Data excerpts
========================================================================

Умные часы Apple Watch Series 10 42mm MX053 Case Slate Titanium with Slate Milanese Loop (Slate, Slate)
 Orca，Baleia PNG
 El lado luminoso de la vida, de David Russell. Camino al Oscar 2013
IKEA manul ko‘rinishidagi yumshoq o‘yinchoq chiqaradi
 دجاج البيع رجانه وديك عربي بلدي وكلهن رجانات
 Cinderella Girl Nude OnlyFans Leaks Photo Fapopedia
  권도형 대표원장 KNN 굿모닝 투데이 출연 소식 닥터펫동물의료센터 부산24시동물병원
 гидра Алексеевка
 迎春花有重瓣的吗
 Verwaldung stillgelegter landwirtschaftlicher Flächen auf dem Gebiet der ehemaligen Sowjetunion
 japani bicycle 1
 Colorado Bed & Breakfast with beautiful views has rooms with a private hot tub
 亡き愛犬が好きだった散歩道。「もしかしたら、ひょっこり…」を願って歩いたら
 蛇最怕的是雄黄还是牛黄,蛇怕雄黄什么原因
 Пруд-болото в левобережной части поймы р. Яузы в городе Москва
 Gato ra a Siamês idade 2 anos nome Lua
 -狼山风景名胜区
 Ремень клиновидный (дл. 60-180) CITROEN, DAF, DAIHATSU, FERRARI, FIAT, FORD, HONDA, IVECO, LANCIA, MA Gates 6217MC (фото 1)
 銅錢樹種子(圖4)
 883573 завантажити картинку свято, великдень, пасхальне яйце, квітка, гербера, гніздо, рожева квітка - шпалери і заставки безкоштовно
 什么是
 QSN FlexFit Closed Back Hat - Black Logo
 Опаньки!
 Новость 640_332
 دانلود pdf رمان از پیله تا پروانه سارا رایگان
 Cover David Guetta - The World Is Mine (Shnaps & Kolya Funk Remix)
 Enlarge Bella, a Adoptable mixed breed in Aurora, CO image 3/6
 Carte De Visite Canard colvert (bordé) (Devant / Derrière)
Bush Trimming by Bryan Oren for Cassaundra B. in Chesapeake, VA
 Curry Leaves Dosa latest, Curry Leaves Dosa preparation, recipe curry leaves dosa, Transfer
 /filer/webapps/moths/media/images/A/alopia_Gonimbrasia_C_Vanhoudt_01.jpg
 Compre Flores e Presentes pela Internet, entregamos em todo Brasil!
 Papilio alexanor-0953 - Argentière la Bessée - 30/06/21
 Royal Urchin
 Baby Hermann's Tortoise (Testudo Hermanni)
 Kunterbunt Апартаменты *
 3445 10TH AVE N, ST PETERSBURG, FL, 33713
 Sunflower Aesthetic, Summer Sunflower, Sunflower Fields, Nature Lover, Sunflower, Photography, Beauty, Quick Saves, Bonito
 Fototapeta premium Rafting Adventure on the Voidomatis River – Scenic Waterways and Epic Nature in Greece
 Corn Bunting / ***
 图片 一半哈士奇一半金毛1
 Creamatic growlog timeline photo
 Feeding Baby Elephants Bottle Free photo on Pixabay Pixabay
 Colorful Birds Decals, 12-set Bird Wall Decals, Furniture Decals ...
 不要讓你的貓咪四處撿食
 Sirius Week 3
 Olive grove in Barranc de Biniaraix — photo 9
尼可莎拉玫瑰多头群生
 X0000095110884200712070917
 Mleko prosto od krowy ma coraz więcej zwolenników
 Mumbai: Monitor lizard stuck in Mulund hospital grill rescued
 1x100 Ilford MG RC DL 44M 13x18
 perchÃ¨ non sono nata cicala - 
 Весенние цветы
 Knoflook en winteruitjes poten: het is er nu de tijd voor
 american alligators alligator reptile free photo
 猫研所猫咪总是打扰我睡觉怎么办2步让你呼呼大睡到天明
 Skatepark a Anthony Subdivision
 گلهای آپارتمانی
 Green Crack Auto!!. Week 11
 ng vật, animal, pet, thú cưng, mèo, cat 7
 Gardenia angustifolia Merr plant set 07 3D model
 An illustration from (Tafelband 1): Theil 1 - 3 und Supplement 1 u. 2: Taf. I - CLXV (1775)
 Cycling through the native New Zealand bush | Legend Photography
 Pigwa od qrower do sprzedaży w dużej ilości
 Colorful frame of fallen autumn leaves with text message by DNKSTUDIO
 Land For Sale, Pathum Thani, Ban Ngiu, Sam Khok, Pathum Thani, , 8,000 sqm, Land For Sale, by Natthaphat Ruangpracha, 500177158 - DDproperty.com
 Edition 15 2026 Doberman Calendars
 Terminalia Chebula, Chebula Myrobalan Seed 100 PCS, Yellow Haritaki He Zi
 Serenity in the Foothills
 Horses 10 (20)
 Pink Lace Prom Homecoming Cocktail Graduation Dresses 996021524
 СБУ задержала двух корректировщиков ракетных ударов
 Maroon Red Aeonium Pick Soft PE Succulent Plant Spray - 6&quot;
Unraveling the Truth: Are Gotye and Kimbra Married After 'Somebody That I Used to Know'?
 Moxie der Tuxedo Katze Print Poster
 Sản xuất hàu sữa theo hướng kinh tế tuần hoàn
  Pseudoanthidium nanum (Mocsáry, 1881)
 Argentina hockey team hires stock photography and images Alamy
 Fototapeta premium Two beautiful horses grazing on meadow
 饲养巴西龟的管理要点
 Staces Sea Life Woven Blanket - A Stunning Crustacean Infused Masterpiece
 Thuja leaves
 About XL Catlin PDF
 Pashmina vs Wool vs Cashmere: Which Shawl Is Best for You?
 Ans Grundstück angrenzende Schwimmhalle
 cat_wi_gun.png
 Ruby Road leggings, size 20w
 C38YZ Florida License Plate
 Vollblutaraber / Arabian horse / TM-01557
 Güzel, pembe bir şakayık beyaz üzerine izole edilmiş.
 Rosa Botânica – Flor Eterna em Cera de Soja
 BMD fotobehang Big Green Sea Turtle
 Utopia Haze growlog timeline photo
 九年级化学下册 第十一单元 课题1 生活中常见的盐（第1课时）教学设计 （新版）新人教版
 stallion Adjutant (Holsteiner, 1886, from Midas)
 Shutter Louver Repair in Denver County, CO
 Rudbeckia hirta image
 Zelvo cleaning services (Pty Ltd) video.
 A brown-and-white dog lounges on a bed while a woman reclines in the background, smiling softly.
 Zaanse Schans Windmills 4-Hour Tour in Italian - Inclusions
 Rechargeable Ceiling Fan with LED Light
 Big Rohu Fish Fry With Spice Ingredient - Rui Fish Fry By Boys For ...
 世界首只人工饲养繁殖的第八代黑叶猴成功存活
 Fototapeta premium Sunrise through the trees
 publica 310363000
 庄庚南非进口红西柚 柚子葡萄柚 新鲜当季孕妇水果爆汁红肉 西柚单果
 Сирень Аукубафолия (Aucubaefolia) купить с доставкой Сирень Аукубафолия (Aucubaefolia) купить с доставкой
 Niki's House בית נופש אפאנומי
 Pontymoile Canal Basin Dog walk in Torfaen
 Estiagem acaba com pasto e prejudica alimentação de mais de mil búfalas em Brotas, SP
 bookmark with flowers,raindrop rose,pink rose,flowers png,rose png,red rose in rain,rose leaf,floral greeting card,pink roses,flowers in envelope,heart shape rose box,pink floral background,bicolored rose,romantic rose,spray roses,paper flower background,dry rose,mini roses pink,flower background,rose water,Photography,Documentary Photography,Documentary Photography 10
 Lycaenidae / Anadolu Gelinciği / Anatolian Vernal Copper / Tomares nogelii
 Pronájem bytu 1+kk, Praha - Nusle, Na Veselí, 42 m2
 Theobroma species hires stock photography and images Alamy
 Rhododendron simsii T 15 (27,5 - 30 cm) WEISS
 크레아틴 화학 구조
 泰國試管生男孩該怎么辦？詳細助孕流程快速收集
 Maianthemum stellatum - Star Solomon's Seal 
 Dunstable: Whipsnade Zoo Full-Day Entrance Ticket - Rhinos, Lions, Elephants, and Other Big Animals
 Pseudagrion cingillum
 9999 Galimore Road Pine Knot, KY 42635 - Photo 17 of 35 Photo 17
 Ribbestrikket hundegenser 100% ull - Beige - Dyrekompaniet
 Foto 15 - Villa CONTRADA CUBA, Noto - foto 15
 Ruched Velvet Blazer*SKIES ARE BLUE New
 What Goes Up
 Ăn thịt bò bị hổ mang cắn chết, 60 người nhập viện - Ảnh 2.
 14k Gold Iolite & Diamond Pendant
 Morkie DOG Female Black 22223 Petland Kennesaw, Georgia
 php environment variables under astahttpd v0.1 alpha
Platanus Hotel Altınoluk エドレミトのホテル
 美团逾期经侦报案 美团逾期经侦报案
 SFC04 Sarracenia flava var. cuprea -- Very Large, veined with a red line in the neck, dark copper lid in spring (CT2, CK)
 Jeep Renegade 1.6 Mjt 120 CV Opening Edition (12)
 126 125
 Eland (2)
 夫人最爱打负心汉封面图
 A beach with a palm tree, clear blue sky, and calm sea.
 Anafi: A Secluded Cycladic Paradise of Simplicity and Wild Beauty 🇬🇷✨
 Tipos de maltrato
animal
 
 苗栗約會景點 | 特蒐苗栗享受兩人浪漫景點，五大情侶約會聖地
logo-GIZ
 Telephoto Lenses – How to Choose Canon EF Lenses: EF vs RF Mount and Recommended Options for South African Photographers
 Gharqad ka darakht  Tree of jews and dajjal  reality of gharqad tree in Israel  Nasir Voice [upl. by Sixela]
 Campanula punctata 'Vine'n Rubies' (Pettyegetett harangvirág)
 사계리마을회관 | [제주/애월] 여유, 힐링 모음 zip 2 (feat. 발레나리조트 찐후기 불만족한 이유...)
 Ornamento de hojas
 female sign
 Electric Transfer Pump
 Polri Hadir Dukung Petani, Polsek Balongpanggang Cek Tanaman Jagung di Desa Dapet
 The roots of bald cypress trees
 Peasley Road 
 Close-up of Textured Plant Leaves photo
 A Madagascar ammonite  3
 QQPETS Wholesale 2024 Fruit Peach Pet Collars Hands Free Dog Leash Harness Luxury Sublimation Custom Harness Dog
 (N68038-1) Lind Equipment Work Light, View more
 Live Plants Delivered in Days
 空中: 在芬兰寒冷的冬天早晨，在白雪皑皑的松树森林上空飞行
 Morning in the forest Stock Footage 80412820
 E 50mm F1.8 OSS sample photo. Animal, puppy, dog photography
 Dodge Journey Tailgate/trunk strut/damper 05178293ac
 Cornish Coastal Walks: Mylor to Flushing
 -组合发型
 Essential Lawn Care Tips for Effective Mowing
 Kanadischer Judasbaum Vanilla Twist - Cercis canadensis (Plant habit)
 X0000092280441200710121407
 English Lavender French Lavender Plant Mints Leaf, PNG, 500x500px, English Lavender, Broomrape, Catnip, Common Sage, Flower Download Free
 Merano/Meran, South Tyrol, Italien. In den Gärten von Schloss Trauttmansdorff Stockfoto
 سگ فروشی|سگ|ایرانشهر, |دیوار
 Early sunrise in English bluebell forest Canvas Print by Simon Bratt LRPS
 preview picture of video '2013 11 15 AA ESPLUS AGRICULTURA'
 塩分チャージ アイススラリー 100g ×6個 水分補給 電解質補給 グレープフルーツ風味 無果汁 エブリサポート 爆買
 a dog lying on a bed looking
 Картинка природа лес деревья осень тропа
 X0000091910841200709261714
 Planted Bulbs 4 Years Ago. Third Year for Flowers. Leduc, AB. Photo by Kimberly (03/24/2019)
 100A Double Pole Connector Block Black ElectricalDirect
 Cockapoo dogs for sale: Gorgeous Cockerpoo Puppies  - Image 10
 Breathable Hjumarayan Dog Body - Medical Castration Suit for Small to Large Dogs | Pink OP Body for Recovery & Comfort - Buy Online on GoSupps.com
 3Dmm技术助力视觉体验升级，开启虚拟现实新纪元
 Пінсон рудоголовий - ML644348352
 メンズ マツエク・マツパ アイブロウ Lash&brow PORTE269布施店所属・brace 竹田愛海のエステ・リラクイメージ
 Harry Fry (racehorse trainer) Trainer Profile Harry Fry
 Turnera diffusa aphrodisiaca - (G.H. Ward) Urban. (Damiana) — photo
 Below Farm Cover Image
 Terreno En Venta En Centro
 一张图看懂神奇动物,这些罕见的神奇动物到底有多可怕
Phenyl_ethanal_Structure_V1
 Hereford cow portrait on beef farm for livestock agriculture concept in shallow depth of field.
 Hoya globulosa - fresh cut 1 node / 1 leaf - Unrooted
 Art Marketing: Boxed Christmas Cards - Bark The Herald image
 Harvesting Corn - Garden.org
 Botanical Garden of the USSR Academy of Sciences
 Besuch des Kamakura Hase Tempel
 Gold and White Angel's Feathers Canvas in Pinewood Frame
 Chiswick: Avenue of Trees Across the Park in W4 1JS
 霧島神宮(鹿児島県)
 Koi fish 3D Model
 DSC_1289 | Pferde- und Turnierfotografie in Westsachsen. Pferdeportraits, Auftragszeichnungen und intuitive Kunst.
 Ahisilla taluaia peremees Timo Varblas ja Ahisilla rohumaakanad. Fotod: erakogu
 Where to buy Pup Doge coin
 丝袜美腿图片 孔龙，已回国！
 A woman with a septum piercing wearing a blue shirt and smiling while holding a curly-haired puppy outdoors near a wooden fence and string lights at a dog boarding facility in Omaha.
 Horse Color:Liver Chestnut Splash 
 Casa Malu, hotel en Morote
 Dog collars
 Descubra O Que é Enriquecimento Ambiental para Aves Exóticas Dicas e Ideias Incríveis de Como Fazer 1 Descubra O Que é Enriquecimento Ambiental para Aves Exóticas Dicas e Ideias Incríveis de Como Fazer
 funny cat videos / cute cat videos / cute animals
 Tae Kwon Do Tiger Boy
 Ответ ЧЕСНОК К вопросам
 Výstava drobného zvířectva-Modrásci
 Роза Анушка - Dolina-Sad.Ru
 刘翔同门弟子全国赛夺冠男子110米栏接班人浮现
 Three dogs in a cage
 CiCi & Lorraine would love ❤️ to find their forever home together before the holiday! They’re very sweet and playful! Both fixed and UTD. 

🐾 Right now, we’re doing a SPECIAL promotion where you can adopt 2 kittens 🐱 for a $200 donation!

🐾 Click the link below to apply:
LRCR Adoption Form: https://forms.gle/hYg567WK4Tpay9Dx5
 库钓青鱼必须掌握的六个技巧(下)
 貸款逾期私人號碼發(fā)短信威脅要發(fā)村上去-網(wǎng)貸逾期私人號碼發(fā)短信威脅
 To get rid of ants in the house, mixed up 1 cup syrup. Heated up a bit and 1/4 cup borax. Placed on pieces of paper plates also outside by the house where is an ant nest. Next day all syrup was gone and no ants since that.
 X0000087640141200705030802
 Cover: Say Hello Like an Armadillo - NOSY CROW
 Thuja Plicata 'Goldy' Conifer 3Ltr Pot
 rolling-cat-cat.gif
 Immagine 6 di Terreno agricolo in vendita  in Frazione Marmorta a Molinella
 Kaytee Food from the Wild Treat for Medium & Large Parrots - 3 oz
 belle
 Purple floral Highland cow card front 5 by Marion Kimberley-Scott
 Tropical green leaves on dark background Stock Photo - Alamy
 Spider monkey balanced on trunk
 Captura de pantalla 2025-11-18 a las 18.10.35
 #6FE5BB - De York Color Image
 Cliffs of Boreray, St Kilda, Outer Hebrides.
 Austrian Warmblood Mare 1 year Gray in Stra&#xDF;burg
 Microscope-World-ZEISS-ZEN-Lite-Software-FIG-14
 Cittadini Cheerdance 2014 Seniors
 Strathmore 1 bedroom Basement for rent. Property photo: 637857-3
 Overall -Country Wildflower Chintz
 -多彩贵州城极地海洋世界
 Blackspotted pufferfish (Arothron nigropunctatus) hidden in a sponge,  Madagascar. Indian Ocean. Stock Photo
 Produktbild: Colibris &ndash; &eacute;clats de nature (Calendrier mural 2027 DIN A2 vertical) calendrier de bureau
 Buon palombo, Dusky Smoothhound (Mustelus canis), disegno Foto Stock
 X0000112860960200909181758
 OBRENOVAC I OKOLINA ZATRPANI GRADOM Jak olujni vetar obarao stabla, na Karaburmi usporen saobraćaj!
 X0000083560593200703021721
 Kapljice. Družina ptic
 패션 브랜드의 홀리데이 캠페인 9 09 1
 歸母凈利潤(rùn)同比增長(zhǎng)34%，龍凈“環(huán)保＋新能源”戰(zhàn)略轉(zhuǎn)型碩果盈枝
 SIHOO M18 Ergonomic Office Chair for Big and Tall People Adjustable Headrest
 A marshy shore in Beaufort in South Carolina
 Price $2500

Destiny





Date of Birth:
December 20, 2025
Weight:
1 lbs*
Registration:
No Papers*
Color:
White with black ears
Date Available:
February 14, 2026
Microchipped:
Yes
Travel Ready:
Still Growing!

========================================================================

- [What is expected] Show the lines of the records that include the string "Baby".

- [Output for this exercise]
 Baby Hermann's Tortoise (Testudo Hermanni)
 Feeding Baby Elephants Bottle Free photo on Pixabay Pixabay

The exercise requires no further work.